Licence to work in changing market
The latest innovation to come from that small band of future-watchers studying life in post-industrial Britain is the "licence to work".
Given that there's not enough to go round, share it. But how is this to be done?
In the late 70s and early 80s when Barrie Sherman was director of research for the Association of Scientific Technical Managerial and Supervisory Staff he wrote several books with the union's leader, Clive Jenkins, on the effects of new technology.
Now he has teamed up with Phil Judkins, a broadcaster frustrated by media that have neither time nor incentive to deal with anything in detail. Their book joins a number of recent publications in recognising that Western economies cannot return to full employment without redefining both words.
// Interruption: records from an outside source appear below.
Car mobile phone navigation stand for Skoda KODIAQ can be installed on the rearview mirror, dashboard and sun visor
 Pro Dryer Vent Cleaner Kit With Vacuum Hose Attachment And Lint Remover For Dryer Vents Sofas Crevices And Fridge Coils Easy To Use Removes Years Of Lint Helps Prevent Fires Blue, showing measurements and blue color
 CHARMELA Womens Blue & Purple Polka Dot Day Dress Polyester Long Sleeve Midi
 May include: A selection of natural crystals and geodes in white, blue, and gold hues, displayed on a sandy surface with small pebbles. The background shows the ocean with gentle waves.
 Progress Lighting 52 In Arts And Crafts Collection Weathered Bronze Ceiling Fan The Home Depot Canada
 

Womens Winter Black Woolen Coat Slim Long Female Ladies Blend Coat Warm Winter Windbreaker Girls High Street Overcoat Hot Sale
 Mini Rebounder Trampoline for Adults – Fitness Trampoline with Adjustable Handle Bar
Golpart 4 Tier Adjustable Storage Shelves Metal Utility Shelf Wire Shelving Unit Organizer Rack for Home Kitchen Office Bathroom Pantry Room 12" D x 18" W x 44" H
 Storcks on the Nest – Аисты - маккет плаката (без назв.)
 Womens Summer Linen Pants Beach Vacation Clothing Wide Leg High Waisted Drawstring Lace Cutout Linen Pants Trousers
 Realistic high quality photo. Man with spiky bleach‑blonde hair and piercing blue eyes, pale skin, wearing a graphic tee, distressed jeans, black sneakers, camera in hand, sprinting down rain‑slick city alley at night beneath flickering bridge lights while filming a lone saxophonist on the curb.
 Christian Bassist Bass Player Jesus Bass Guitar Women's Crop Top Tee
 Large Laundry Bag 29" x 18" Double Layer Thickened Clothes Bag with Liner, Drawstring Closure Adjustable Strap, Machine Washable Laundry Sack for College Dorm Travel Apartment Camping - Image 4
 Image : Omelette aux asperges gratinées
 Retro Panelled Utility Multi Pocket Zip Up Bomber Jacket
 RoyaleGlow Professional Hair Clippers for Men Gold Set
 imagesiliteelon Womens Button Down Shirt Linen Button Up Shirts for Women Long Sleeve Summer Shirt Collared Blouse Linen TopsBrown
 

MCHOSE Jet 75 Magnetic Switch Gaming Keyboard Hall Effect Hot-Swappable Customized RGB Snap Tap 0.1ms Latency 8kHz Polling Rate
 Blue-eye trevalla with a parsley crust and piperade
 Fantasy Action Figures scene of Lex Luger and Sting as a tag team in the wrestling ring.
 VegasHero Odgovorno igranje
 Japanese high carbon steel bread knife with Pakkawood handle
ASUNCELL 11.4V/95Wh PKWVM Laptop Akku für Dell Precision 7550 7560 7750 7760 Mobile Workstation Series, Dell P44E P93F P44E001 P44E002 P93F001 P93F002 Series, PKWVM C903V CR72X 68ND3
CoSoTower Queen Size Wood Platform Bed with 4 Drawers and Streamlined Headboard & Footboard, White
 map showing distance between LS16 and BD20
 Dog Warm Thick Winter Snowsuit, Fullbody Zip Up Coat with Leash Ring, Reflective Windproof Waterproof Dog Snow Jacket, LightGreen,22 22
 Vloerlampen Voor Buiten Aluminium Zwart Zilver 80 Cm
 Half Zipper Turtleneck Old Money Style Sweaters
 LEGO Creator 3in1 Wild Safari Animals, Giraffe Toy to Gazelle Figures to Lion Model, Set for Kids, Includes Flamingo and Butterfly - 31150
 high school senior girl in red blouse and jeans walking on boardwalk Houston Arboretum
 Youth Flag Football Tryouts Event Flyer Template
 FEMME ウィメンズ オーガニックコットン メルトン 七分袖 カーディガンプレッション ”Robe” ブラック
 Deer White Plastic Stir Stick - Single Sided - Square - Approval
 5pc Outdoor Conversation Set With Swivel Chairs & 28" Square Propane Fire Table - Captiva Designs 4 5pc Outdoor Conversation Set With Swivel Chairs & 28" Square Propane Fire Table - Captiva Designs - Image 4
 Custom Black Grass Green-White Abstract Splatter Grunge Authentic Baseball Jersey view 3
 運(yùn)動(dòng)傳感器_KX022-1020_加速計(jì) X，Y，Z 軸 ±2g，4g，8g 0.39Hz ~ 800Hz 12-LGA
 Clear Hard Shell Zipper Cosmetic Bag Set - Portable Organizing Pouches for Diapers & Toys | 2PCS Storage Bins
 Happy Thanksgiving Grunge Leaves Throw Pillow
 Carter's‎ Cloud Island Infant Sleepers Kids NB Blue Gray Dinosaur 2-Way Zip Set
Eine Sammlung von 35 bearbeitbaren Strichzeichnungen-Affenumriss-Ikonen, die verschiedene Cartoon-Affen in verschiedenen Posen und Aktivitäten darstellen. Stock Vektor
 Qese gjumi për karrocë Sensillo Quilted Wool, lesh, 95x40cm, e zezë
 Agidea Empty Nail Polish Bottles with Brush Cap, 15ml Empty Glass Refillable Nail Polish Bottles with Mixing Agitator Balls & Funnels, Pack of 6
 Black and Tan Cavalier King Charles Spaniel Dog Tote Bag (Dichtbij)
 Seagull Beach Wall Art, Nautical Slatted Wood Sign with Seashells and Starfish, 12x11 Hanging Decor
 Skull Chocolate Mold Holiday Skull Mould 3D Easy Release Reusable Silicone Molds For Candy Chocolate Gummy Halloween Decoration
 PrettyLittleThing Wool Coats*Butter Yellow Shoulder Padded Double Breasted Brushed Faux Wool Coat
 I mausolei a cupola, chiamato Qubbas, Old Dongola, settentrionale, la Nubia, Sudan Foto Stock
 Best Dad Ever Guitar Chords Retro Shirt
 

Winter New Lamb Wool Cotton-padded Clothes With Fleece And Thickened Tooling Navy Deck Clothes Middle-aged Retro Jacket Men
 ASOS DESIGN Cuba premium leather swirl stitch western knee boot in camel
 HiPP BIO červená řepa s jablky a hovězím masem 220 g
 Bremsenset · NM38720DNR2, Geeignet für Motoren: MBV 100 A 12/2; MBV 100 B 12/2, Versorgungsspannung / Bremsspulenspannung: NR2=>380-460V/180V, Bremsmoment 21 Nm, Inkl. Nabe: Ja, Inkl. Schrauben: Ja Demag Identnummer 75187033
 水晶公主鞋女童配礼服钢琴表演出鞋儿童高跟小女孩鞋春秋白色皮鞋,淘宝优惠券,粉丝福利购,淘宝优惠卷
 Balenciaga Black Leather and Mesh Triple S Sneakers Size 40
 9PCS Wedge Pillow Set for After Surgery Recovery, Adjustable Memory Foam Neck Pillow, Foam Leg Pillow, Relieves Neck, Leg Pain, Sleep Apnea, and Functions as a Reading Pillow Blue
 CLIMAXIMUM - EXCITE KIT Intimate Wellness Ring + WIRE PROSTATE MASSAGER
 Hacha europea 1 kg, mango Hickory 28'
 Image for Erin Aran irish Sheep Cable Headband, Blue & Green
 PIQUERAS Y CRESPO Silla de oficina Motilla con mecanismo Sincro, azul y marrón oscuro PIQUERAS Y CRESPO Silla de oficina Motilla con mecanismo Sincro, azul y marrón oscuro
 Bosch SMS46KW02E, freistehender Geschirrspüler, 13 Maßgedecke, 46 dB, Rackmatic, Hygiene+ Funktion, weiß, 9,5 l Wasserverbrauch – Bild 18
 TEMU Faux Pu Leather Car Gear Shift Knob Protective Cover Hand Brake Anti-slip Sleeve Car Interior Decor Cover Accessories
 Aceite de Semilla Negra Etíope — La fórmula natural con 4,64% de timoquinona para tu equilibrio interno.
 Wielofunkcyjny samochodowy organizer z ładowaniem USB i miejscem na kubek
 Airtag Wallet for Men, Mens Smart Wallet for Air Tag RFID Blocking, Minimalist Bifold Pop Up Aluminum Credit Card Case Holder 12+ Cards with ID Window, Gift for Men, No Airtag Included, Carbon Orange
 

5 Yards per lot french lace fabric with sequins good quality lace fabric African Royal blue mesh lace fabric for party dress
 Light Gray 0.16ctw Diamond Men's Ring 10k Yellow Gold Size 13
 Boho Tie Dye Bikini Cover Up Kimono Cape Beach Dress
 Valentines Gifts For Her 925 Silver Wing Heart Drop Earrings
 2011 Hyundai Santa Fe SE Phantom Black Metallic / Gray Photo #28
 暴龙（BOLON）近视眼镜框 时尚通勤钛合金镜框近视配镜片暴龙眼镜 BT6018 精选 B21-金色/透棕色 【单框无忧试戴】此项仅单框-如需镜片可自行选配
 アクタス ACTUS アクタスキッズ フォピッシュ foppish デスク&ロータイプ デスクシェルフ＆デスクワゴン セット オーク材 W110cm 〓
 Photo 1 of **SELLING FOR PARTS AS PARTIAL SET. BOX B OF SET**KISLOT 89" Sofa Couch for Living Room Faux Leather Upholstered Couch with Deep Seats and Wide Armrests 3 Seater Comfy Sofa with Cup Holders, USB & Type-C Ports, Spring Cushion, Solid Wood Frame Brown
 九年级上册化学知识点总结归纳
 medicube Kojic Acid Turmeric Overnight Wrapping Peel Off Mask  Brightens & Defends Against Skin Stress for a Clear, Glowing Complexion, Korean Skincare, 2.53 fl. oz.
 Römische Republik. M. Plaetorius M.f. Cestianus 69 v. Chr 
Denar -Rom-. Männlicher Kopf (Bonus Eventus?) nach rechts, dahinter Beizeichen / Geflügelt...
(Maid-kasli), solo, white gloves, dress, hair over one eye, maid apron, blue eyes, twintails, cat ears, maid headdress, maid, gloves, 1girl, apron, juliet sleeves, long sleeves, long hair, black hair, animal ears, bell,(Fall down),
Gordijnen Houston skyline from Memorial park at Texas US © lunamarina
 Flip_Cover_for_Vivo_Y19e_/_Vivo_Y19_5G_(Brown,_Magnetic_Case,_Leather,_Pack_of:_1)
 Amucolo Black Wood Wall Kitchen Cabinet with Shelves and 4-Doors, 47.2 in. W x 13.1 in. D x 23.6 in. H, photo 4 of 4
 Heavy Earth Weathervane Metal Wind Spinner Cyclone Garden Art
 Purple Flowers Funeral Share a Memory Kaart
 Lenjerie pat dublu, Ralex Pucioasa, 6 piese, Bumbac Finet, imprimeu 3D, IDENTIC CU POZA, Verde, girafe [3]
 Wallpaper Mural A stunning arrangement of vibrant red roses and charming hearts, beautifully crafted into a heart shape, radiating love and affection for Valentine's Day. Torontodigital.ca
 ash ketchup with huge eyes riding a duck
This is not to prophecy "the end of work" like Jeremy Rifkin but to challenge what two other American writers, Aronowitz and DiFazio, call "the dogma of Work" in their book The Jobless Future.
However, unlike Mike Cooley - another writer on this subject from a trade union background - Sherman and Judkins demand full employment but not full-time employment. Instead, they advocate "a licence in the form of a micro-electronic smart card, allowing a person to be employed as a form of work-sharing combined with a basic minimumguaranteed or citizen's income".
In other words, a place at work is guaranteed until the quota on the smart card runs out. This licence to work would go some way toward meeting what they describe as "a combination of events unique in industrial times" in which "loss of employment across the entire range of employment possibilities has combined with a global market of transferable skills . . . technology and finance".
As a result, "individuals confront a world in which the solid certainties of their class, job, religion, morals and personal relationships appear to be slipping from their grasp".
This analysis is sustained by an array of economic argument, social observation and political polemic, including a head-on confrontation with prevailing education orthodoxy for the authors would "ban dedicated vocational qualifications from schools" (and colleges and universities).
They also attack the widespread notion that "most future jobs will be 'knowledge intensive'".
This is therefore a provocative book that should be widely read and is written to be widely accessible.
It is thus unfortunate that the authors concede, "It would of course be far better if we could arrange society somewhat differently, so that these licences were never needed".